#### What are ReproBLAS ?

ReproBLAS stands for Reproducible Basic Linear Algebra Subprograms.

By reproducibility, we mean getting bitwise identical results from multiple runs of a program on the same input. Floating point summation is not associative because of roundoff errors, so the computed sum depends on the order of summation. Modern processors, which may dynamically assign resources, such as variable numbers of processors, do not guarantee the same order of summation from run-to-run of the same program or subroutine. Reproducibility is needed for debugging, verification and validation, correctness, and even contractual obligations.

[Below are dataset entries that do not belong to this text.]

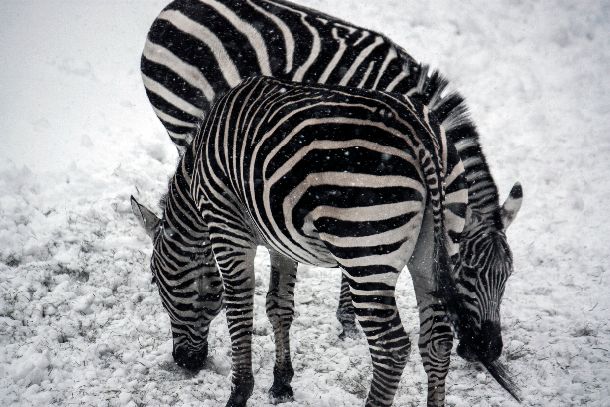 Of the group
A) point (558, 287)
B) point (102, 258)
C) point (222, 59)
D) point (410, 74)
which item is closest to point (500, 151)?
point (558, 287)

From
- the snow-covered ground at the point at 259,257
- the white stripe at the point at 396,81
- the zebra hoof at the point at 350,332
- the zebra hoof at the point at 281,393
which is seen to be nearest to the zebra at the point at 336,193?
the zebra hoof at the point at 281,393

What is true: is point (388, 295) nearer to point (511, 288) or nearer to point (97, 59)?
point (511, 288)

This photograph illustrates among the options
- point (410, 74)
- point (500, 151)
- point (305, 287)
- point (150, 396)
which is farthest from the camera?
point (500, 151)

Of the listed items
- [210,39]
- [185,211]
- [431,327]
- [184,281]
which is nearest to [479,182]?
[431,327]

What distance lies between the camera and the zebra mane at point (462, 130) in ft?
12.5

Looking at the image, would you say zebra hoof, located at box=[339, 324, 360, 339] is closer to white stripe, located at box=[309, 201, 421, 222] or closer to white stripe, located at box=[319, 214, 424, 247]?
white stripe, located at box=[319, 214, 424, 247]

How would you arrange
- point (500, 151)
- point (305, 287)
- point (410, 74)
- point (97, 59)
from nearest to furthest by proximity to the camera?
point (410, 74)
point (305, 287)
point (500, 151)
point (97, 59)

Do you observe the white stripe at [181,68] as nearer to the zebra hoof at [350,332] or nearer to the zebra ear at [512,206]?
the zebra hoof at [350,332]

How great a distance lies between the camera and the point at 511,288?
6355mm

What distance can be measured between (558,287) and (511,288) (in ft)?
1.89

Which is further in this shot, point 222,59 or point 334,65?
point 222,59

ReproBLAS aims at providing users with a set of (Parallel and Sequential) Basic Linear Algebra Subprograms that guarantee reproducibility regardless of the number of processors, of the data partitioning, of the way reductions are scheduled, and more generally of the order in which the sums are computed. We assume only that

1. Floating point numbers are binary and correspond to the IEEE Floating Point Standard 754-2008
2. Floating point operations are performed in ROUND-TO-NEAREST mode (ties may be broken arbitrarily)
3. Underflow occurs gradually (denormal numbers must be supported). It is possible to adapt the algorithms to handle abrupt underflow as well. [1]
The BLAS are commonly used in scientific programs, and the reproducible versions provided in the ReproBLAS will provide high performance while reducing user effort for debugging, correctness checking and understanding the reliability of programs.

Main Goals

In order to support computing environments ranging from multi-core laptops to highly parallel systems, including PetaScale and Cloud Computing, the main goals of the ReproBLAS are:

1. Reproducible summation, independent of summation order, assuming only a subset of the IEEE 754 Floating Point Standard .
This is our primary goal. In particular, we only use binary arithmetic (any precision) with the default round-to-nearest-even rounding mode. We need to make some assumptions on the maximum number of summands, which turn out to be $2^{64}$ and $2^{33}$ for double and single precision, resp., which is more than enough in practice.
2. Accuracy at least as good as conventional summation, and tunable .
The internal representation used by ReproBLAS lets us choose the desired precision. Our default in double precision is to carry at least 80 bits of precision. Our algorithm has an error bound of $error \leq n 2^{-80} \max|x_j| + 7 \epsilon|\sum\limits_{j = 0}^{n - 1} x_j|$ where $\epsilon = 2^{-53}$.
3. Handle overflow, underflow, and other exceptions reproducibly .
It is easy to construct small sets of finite floating point numbers, where depending on the order of summation, one might compute +Inf (positive infinity), -Inf, NaN (Not-a-Number), 0 or 1 (the correct answer); Our algorithm guarantees that no overflows can occur until the final rounding to a single floating point number (assuming the above bounds on the number of summands). Summands that are +Inf, -Inf, or NaN propagate in a reproducible way to the final sum. Underflows are handled reproducibly by assuming default IEEE 754 gradual underflow semantics, but abrupt underflow may be handled as well.
4. One read-only pass over the summands .
This property is critical for efficient implementation of the BLAS, where summands (like $A_{ik} \cdot B_{kj}$ in matrix multiply $C = A \cdot B$) are computed once on the fly and discarded immediately.
5. One reduction .
6. In parallel environments, the cost of a parallel reduction may dominate the total cost of a sum, so analogously to performing a single read-only pass over the data, it is important to be able to perform one parallel reduction operation (processing the data in any order) to compute a reproducible sum.
7. Use as little memory as possible, to enable tiling .
Many existing algorithms for reproducible summation represent intermediate sums by a data structure that we called a reproducible accumulator'' above. BLAS3 operations like matrix-multiplication require many such reproducible accumulators in order to exploit common optimizations like tiling; otherwise they are forced to run at the much slower speeds of BLAS1 or BLAS2. In order to fit as many of these reproducible accumulators into the available fast memory as needed, they need to be as small as possible. Our default-sized reproducible accumulator occupies 6 double precision floating point words, which is small enough for these optimization purposes.
8. Usability.
ReproBLAS is composed of basic operations that can be applied in many situations.

Structure
reproBLAS.h
binnedBLAS.h
binned.h
binnedMPI.h

The ReproBLAS are structured so that different layers may be used, depending on what sources of non-reproducibility are present. We first describe the layers, and then how to use them.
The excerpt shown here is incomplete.